Test to see which are the most important article at this point with In-Degree count.

In [52]:
in_degree_dict = {}
in_degree_iterable = papers_network.in_degree()
for tup in in_degree_iterable:
    node = tup[0]
    in_degree = tup[1]
    in_degree_dict[node] = in_degree
in_d_list = sorted(in_degree_dict.items(), key=lambda item: item[1], reverse=True)
for article in in_d_list[:10]:
    #print(article)
    print(reverse_nodes[article[0]])

('10.1056/nejmoa030781', 'New England Journal Of Medicine', 112)
('10.1056/nejmoa1211721', 'New England Journal Of Medicine', 112)
('10.1056/nejmoa030747', 'New England Journal Of Medicine', 112)
('10.1016/s0140-6736(03)13077-2', 'The Lancet', 82)
('10.1126/science.1085952', 'Science', 44)
('10.1126/science.1085953', 'Science', 44)
('10.1038/nature02145', 'Nature', 129)
('10.1126/science.1087139', 'Science', 44)
('10.1016/s0140-6736(03)13412-5', 'The Lancet', 82)
('10.1038/nm1024', 'Nature Medicine', 265)


Now we define a scaling function in order to scale values coming from different functions into values in the range [-1, 1]. The reason to do that is to get a visual grasp on the differences between the outcomes of the different algorithms.

In [63]:
@jit(nopython=True)
def scaling(data, range_min, range_max):
    data_values = []
    for tup in data:
        data_values.append(tup[1])
    data_min = min(data_values)
    data_max = max(data_values)
    data_range = data_max - data_min
    new_range = range_max - range_min
    new_data = []
    for tup in data:
        scaled_value = (((tup[1] - data_min) * new_range) / data_range) + range_min
        new_data.append((tup[0], scaled_value))
    return new_data

Define a function to sort lists of tuples by means of the first element, in our case it will be the node_id.

In [82]:
def sort_list_of_tuples(data):
    return sorted(data, key=lambda x: x[0], reverse=False)
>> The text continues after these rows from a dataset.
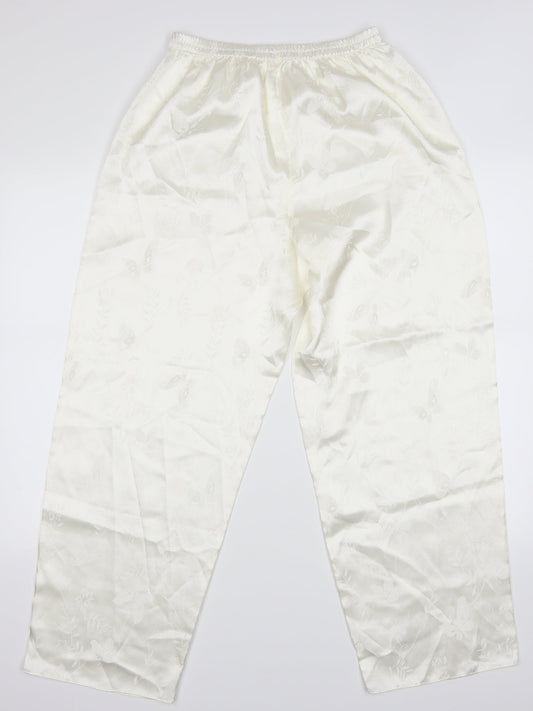 Womens UK Size 25 in Preworn Regular Fit Jogger Ivory Trousers
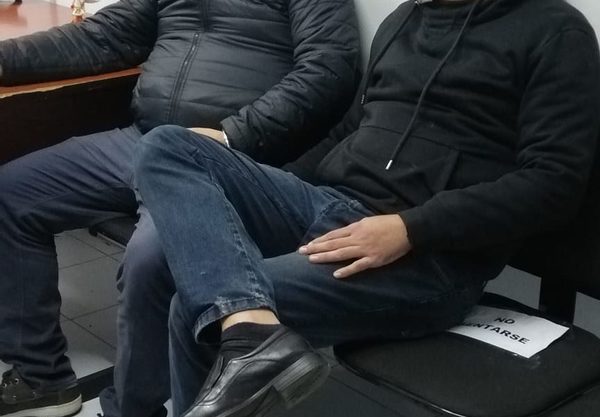 Dos detenidos por desviar dinero de Pytyõ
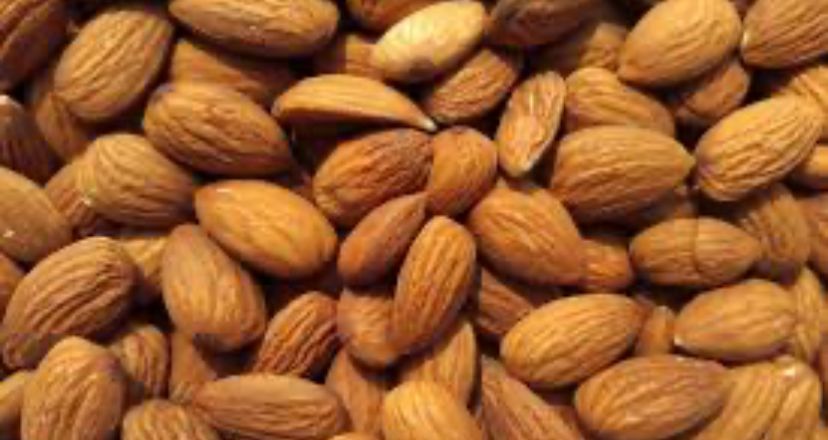 Calon Pengantin Baru Rutin Konsumsi Kacang Almond Rasakan Khasiatnya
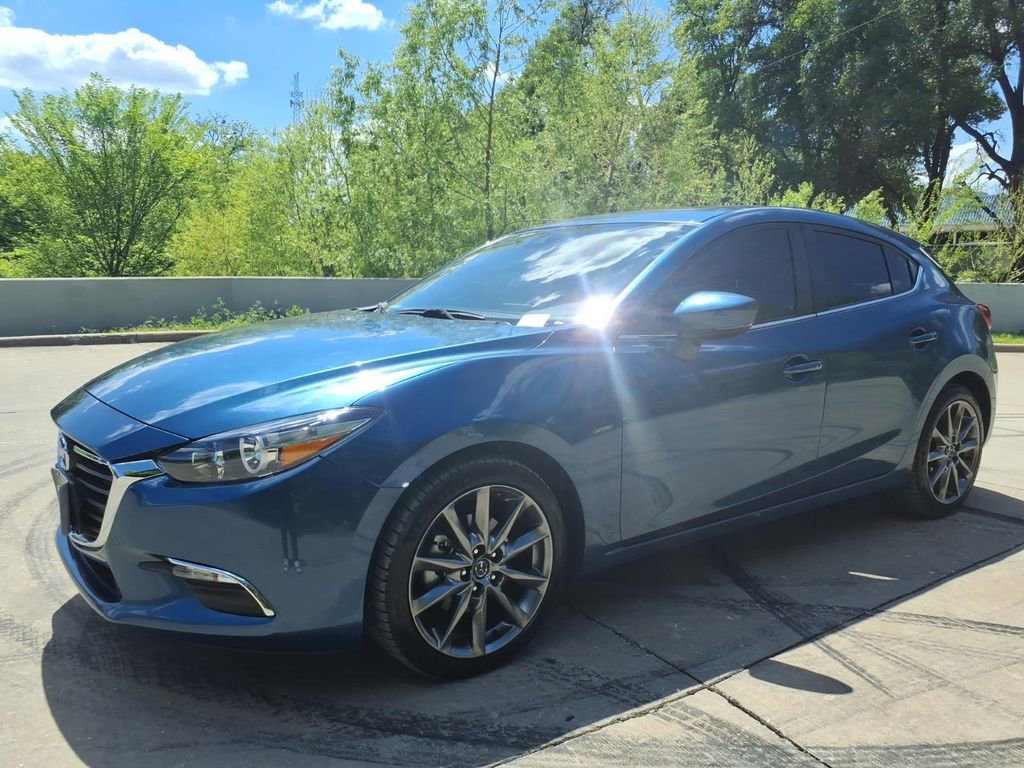 Used 2018 MAZDA MAZDA3 Touring image 6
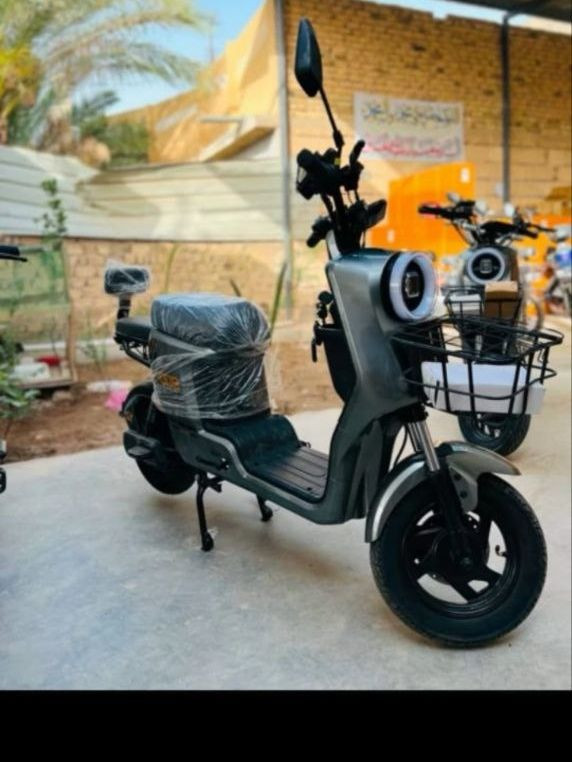 سلام عليكم دراجه شحنR9موديل 2025 تمشي 60كيلو متر حقيقي محرك برجلس1200واط شاصي كاربون ستيل دسك أمامي وخلفي فول مواصفات اناره ال دي وبيها بكR رقم الهاتف ***********وتساب وهذه رصيد ***********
Scale values from PageRank.

In [97]:
scaled_pagerank = scaling(pr_list, -1, 1)
scaled_pagerank = sort_list_of_tuples(scaled_pagerank)
pagerank_array = [el[1] for el in scaled_pagerank]
scaled_pagerank[:3]
#pagerank_array

[(0, -0.9997101926143466), (1, -0.9999725867395567), (2, -0.9996765771504587)]
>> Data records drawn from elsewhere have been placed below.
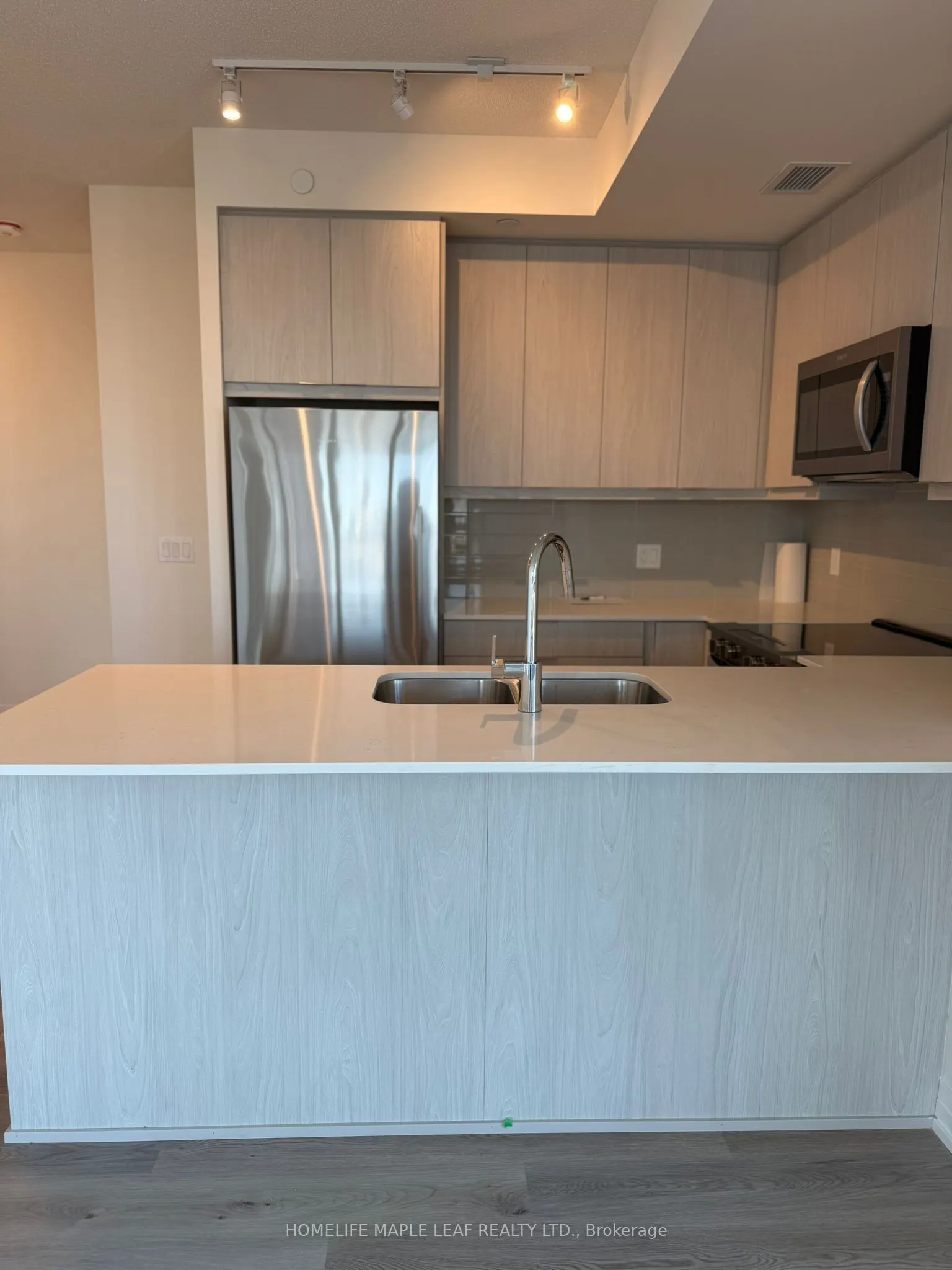 15 Watergarden Drive, #901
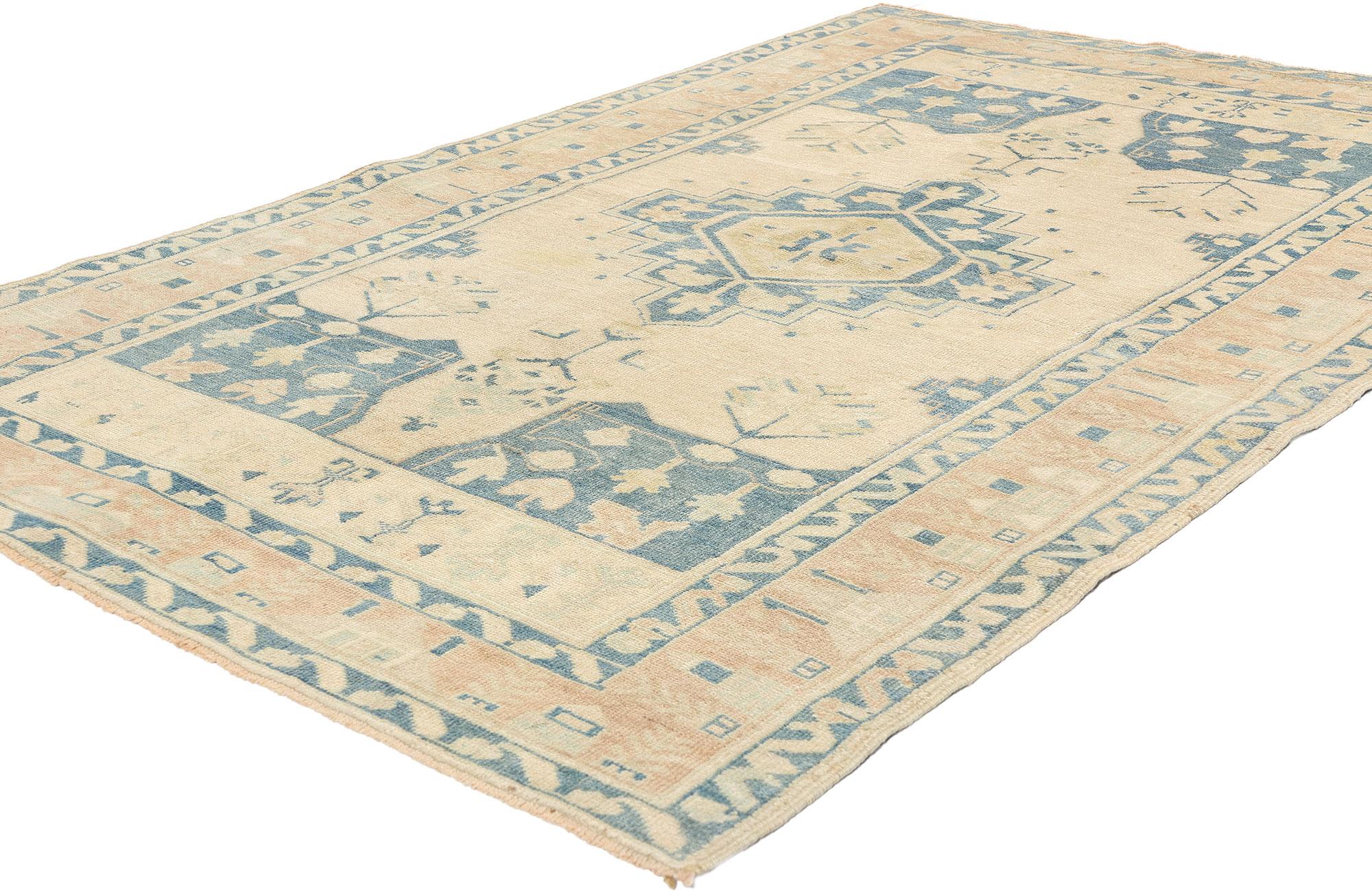 52956 Vintage Muted Turkish Oushak Rug, 04'04 x 06'10. Les tapis turcs Oushak, empreints d'un charme antique et parés de couleurs tamisées, subissent un processus de lavage méticuleux qui préserve leur texture et l'intégrité de leurs poils. Ce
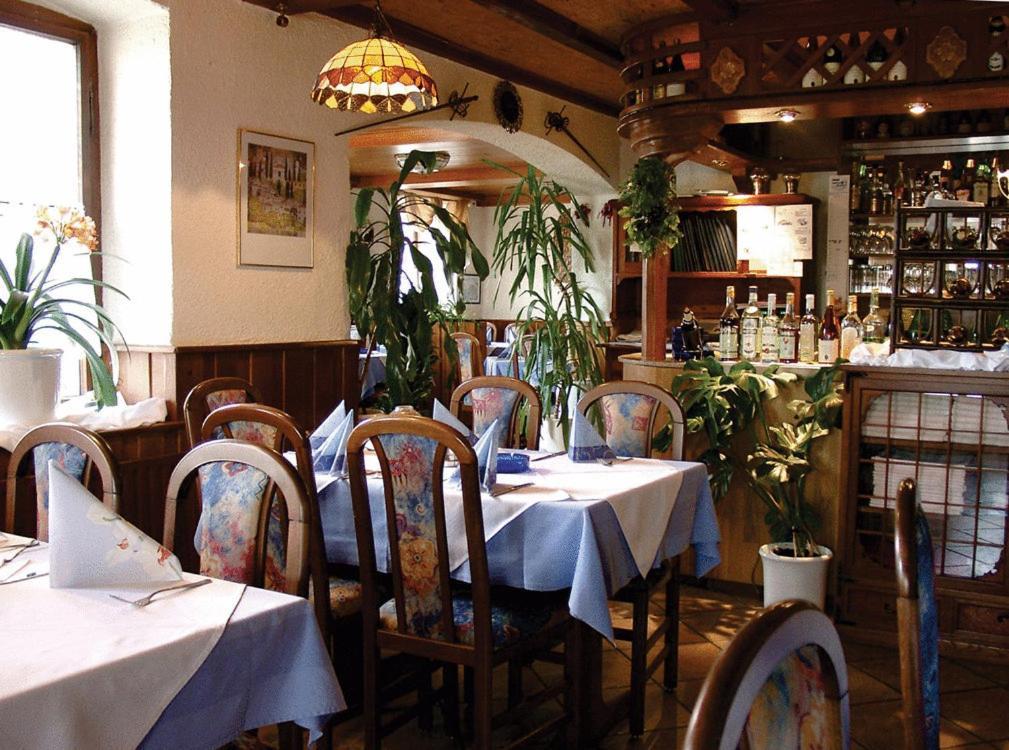 Hotel Drei Koenige Neckarbischofsheim Bagian luar foto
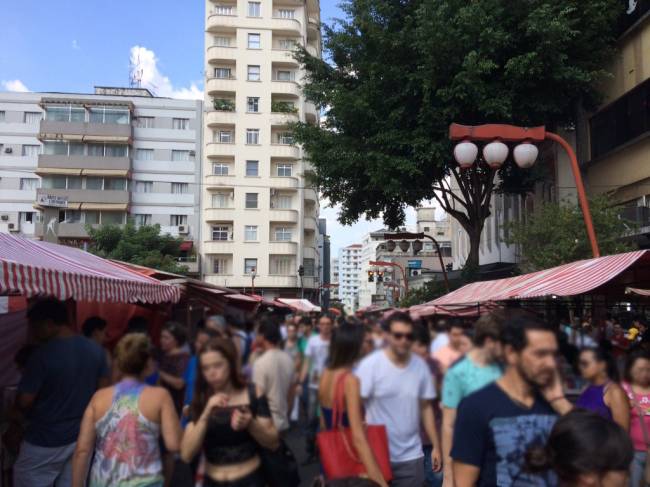 Feira da Liberdade: movimento intenso (foto: Fábio Galib)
Scale values from Eigenvector.

In [98]:
scaled_eigenvector = scaling(ec_list, -1, 1)
scaled_eigenvector = sort_list_of_tuples(scaled_eigenvector)
eigenvector_array = [el[1] for el in scaled_eigenvector]
scaled_eigenvector[:3]
#eigenvector_array

[(0, -1.0), (1, -1.0), (2, -1.0)]

Scale values from In-degree.

In [99]:
scaled_in_degree = scaling(in_d_list, -1, 1)
scaled_in_degree = sort_list_of_tuples(scaled_in_degree)
in_degree_array = [el[1] for el in scaled_in_degree]
scaled_in_degree[:3] 
#in_degree_array

[(0, -0.9980506822612085), (1, -0.9980506822612085), (2, -0.9980506822612085)]

-----------

In order:
- Read the JSON file containing citations' pairs;
- Create a dictionary called "journal_citations" to store the different citations from journal to journal. The structure of this dictonary will be: "citing_journal_id: list_of_cited_journal_ids" (obviously, in the list we have repetitions of cited journals if articles cites more than one paper of the target journal);
- Populate the network as said above. This is accomplished thanks to a temporary "memo" dict that stores each citations to every target journal and that is initialized every time the source journal changes.
- Populate the "weights" dictionary. Such dictionary will contain the weight of each specific path retrieved and will be used to assign edge attributes to the network.
- article_citations contains pairs of "source article:[list of cited articles]".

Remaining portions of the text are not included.